# HarmonicMean — Correct Average of Rates
**The right way to average rates and throughputs.** Arithmetic mean of
rates gives the wrong answer.
| Update cost | ~5 cycles |
| Memory | ~16 bytes |
| Types | `HarmonicMeanF64`, `HarmonicMeanF32` |
| Output | `Option<T>` — harmonic mean once primed |
## Why Not Arithmetic Mean?
```
Download 100MB at 10 MB/s, then 100MB at 1 MB/s.
Total: 200MB in 110 seconds.
Arithmetic mean: (10 + 1) / 2 = 5.5 MB/s ← WRONG
Harmonic mean: 2 / (1/10 + 1/1) = 1.82 MB/s ← CORRECT
Actual throughput: 200 / 110 = 1.82 MB/s ✓
```
The harmonic mean is the correct average when combining rates, speeds,
or throughputs over equal-work intervals.
## Formula
```
H = n / (1/x₁ + 1/x₂ + ... + 1/xₙ)
```
Implementation: maintain `sum_of_reciprocals` and `count`.
## Configuration
```rust
let mut hm = HarmonicMeanF64::new();
hm.update(10.0); // first rate
hm.update(1.0); // second rate
assert!((hm.mean().unwrap() - 1.818).abs() < 0.01);
```
## When to Use Something Else
- Averaging values (not rates) → arithmetic mean via [Welford](welford.md)
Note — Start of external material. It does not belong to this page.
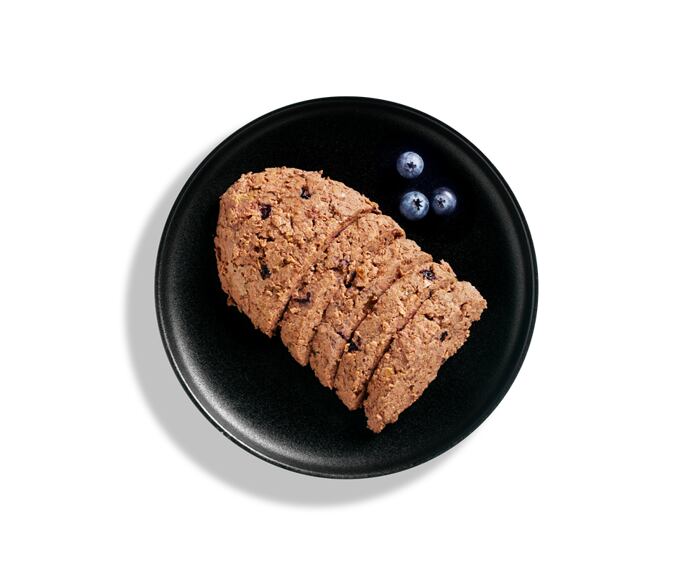 Leonardo Kapsička - Zvěřina s borůvkami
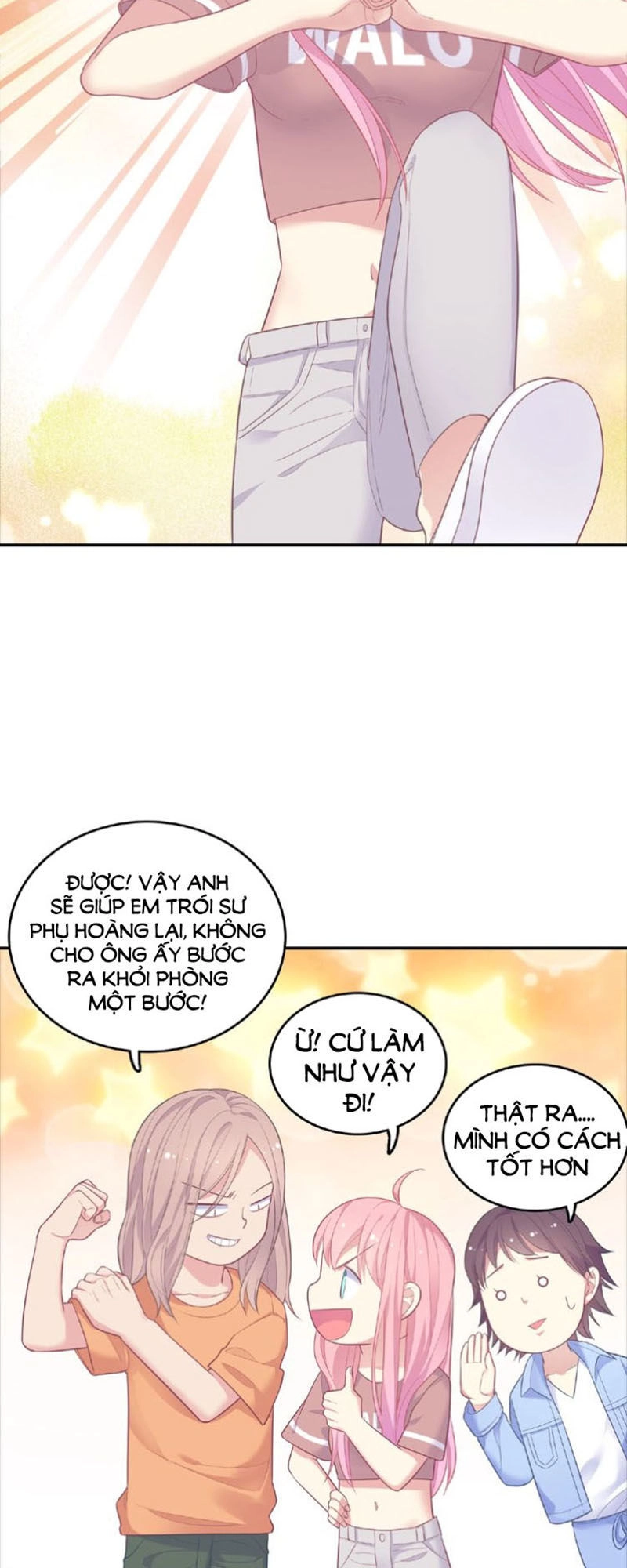 Vương Tử Thành Phố Và Công Chúa Amazon Chapter 65 - 40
- Smoothing a rate signal over time → [EMA](ema.md)
- Average of weighted values → [Welford](welford.md) doesn't support weights,
but [EMA](ema.md) naturally decays
## Examples
- Average throughput across multiple transfer segments
- Average bandwidth across different network paths
- Netflix uses harmonic mean for adaptive bitrate estimation
## Performance
| `HarmonicMeanF64::update` | ~5 cycles | ~6 cycles |
One reciprocal (division) + one addition per update.